Burberry, hurt by the sluggishness in the global luxury market as well as its own missteps, posted a first-half operating loss of 53 million pounds on the back of a 22 percent decline in revenue to 1.09 billion pounds. When those results were issued, Schulman, said the company is “acting with urgency to course correct, stabilize the business and position Burberry for a return to sustainable, profitable growth.” For fiscal 2024, Burberry reported a 4 percent decline in revenue to 2.97 billion pounds, with adjusted operating profit falling 34 percent to 418 million pounds.
Though it’s early days in the turnaround strategy, Schulman told the NRF audience, “We have started to see the shift in the brand sentiment…where we disappointed our customer before, now we’re surprising and delighting them.”
Speaking generally about reviving brands, Schulman said, “You can’t just repeat the past. You have to create an echo of why people love the brand in the first place and adapt.
“Really, the modern Burberry was launched about 25 years ago when Rose Marie Bravo [a former Burberry CEO and Saks Fifth Avenue president] changed the brand from Burberry’s to Burberry and reinvented it into a modern luxury brand the way we know it.” It has a unique identity of being one of the few British fashion brands with scale, Schulman said.
Getting personal, Schulman said, “I was a pretty strange kid, because I was interested in stores, and I was interested in department stores, especially shopping malls, and not necessarily to shop, but I went there to just look at them and to study them. I went to most of the Nordstrom openings” in California.
When Schulman was 14, he sent a letter to Jim Nordstrom [Pete’s late uncle] when Nordstrom opened a department store in his neighborhood. “I gave all sorts of probably unwarranted tips.” Surprisingly, Nordstrom wrote back. “He actually tried to get together with me, when he was in California at Horton Plaza, and at that point, my parents were like, we can’t drive down to San Diego on that day.”
Schulman’s career started at a small clothing store in Beverly Hills where Kris Kardashian and Kathy Hilton shopped among other celebrity moms and where he learned retail operations, curating product and display.
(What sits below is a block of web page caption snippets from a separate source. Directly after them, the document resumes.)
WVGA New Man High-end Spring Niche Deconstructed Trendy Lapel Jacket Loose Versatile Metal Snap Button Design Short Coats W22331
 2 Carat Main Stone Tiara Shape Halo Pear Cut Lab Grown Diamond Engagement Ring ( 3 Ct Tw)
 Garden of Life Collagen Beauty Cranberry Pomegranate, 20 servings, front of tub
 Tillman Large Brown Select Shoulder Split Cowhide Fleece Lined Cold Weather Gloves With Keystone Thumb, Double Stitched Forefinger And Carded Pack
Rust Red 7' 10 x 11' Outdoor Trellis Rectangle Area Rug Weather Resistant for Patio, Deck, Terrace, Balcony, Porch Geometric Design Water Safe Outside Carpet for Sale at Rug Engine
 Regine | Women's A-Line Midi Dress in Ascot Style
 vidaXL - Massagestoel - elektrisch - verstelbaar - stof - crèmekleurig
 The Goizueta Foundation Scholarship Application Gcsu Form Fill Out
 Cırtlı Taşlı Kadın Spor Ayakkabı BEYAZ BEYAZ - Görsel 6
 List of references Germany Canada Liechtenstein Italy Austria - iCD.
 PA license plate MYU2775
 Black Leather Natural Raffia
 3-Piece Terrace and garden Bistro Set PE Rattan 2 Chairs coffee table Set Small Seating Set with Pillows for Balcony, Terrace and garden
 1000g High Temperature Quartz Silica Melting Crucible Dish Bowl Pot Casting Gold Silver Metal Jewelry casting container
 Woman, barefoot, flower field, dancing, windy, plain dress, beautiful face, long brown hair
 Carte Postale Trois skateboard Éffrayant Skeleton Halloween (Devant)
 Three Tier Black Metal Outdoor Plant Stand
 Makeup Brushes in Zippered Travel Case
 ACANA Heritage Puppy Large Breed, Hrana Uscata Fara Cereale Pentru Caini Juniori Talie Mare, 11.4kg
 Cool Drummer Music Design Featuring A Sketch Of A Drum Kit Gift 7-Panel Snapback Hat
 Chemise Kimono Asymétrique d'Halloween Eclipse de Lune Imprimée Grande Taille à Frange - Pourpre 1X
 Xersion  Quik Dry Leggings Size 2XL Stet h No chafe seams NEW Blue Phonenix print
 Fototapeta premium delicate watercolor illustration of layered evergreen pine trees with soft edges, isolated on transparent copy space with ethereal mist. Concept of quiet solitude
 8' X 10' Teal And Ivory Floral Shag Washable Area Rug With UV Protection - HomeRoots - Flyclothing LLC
He later interned for Marc Jacobs and Robert Duffy at Perry Ellis, and became an account executive and sales manager. Tom Ford also worked there. Schulman felt there was a “mismatch” between the creative ambitions of the designers and the ambitions of the company itself. “They didn’t know how to harness this very creative talent they had. That was a lesson that became very important later in my career that I didn’t even realize I was learning at that point. Marc was fired from Perry Ellis, which was the best thing that happened in his career.”
Schulman subsequently worked at Richard Tyler in Los Angeles. “It was a brand that was emerging and had a great celebrity following.” Because of his interest in Nordstrom as a kid, Nordstrom became a big part of Richard Tyler’s distribution plan.
Later, Schulman joined Gucci, working alongside Ford as that brand’s transformation was already progressing. When Gucci acquired St. Laurent, Schulman moved to Paris to oversee global sales. At the time, Schulman was in his late 20s. Later, he ran Jimmy Choo, Bergdorf Goodman, Coach and Michael Kors.
“I had big jobs, but I also had amazing mentors who gave me opportunities,” Schulman said.
Nordstrom asked about the industry narrative that department stores are a dying breed, to which Schulman replied: “For Burberry and other brands, Nordstrom is an incredible showcase to a very important customer segment in the United States, and it’s important for emerging brands. It is also important, not only for the initial discovery of the brand, but to discover how a brand can be changing and evolving,” as is the case with Burberry.
“We have some customers who come to us once a year for a coat and then [again] for a gift…but not with the frequency that they might at Nordstrom where they’re dressing themselves, and dressing their family.”